I hate to be the bearer of good news just as the Occupy Wall Street movement is gathering steam, but protesters can stop worrying about rising inequality and go home. New evidence suggests that the super-rich got hit by the recession much harder than the rest of the 99 percent. This doesn't mean that they will be filing for food stamps any time soon. But it does mean that, contrary to progressive mythology, natural market forces might be restoring some semblance of cosmic justice.

There is no doubt that the cupidity of Wall Street fat cats combined with the perverse incentives established by federal policy created a financial bubble from which the uber-wealthy reaped rich rewards. In fact, over the last three decades, the top 1 percent of earners more than doubled their share of the national income from 8 to 17 percent, the Congressional Budget Office said last week. And it wasn't because they generated real value for the economy. Rather, notes Tyler Cowen, an economist at George Mason University, the expectation of government bailouts prompted financial managers to engage in riskier investment practices such as "shorting volatility" than they otherwise would have, ignoring long-term consequences in exchange for fat, immediate paychecks.

But "long-term" eventually arrived. New data from the University of Chicago's Steven Kaplan shows that, despite government bailouts, in 2008 and 2009 the adjusted gross income of the top 1 percent—a disproportionate number of whom work in the financial industry—fell to 1997 levels. All in all, the fat cats took a 20 percent income hit, compared with the 7 percent lower earners suffered in the aggregate. Few economists believe that the super-rich will ever reclaim all their pre-bubble earnings.

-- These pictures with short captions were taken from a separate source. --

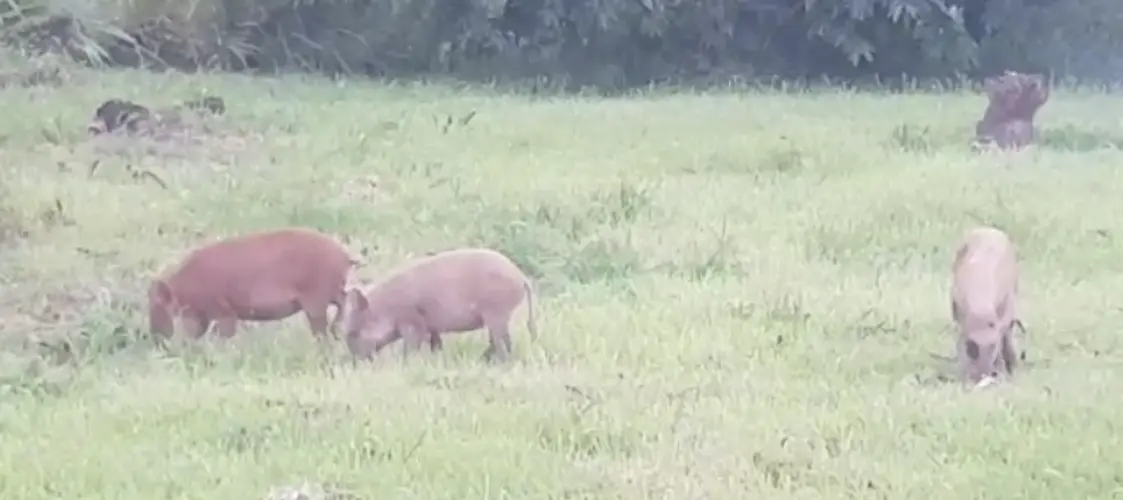 Feral pigs a problem in villages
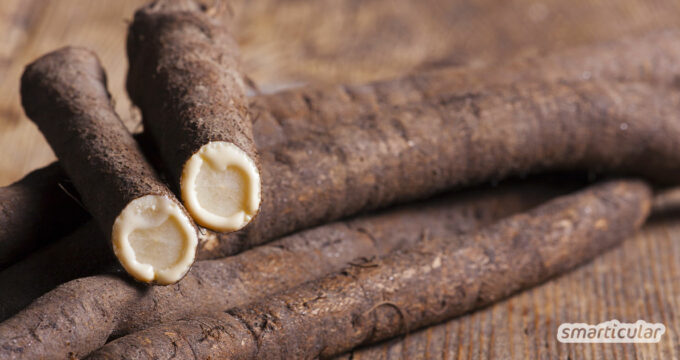 Wenn du Schwarzwurzeln zubereiten möchtest, empfiehlt es sich, ein paar kleine Tipps zu beherzigen. Hier erfährst du, wie der Winterspargel am besten gelingt.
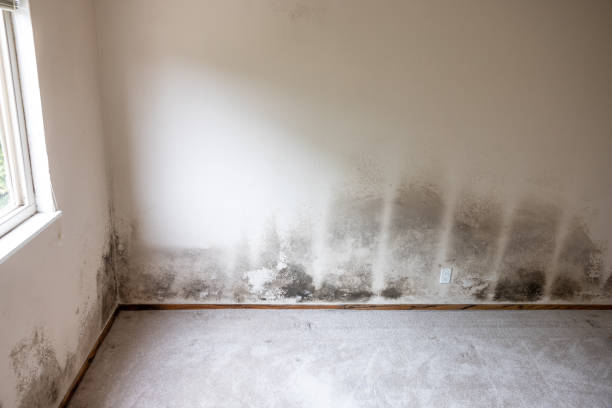 Best Post-Construction Mold Inspection  in East Grand Rapids, MI
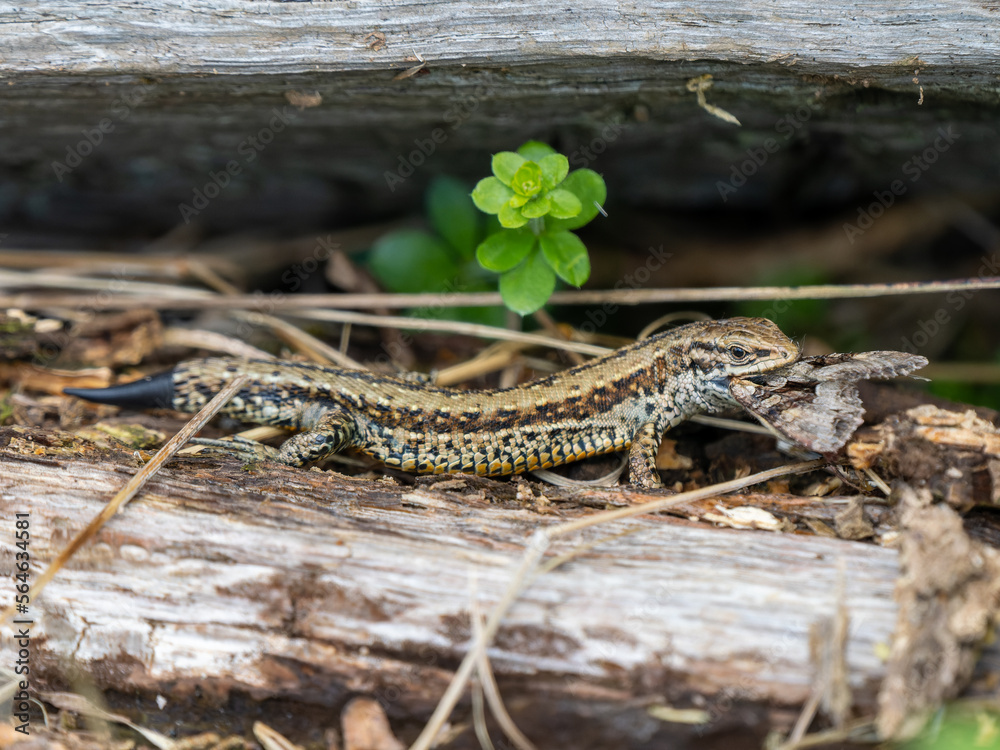 Common Lizard Predating a Moth Common Lizard Predating a Moth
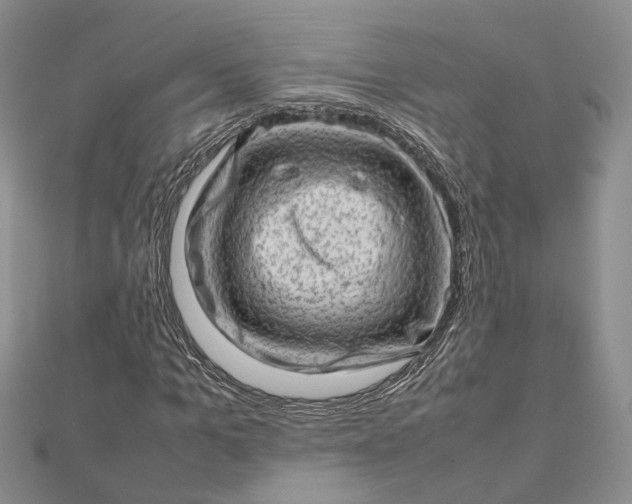X0000112810965200909041450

But if the wealthy are not as well off as they once were, the middle classes were never as poorly off as liberal pundits claim. Indeed, their case that income disparity is growing rests on the notion that national productivity grew four times faster (1.95 percent per year) than median household income (0.49 percent per year) between 1979 and 2007. The remaining 1.46 percent in annual productivity gains, they postulate, must have gone straight into the Swiss bank accounts of the rich.

But there are enough holes in this argument for a Zuccotti Park cleanup crew to drive a fleet of garbage trucks through. For starters, Northwestern University economist Robert Gordon has pointed out that this analysis is based on the common price index, a number that both overstates the growth in real income among the haves and understates it for the have-nots. Indeed, globalization and big-box shopping outlets such as Walmart—the very forces that liberals blame for inequality—have vastly reduced prices for modest-income folks who shop at such venues. But the Paris Hiltons of the world who patronize stores like Versace and Roberto Cavalli haven't benefited as much, because these businesses are almost completely immune to competitive price pressures. Once the productivity data is adjusted for such factors, Gordon found, the gap between the rich and poor grew only by 0.16 percent per year—or one-tenth of the 1.46 percent that liberals tout.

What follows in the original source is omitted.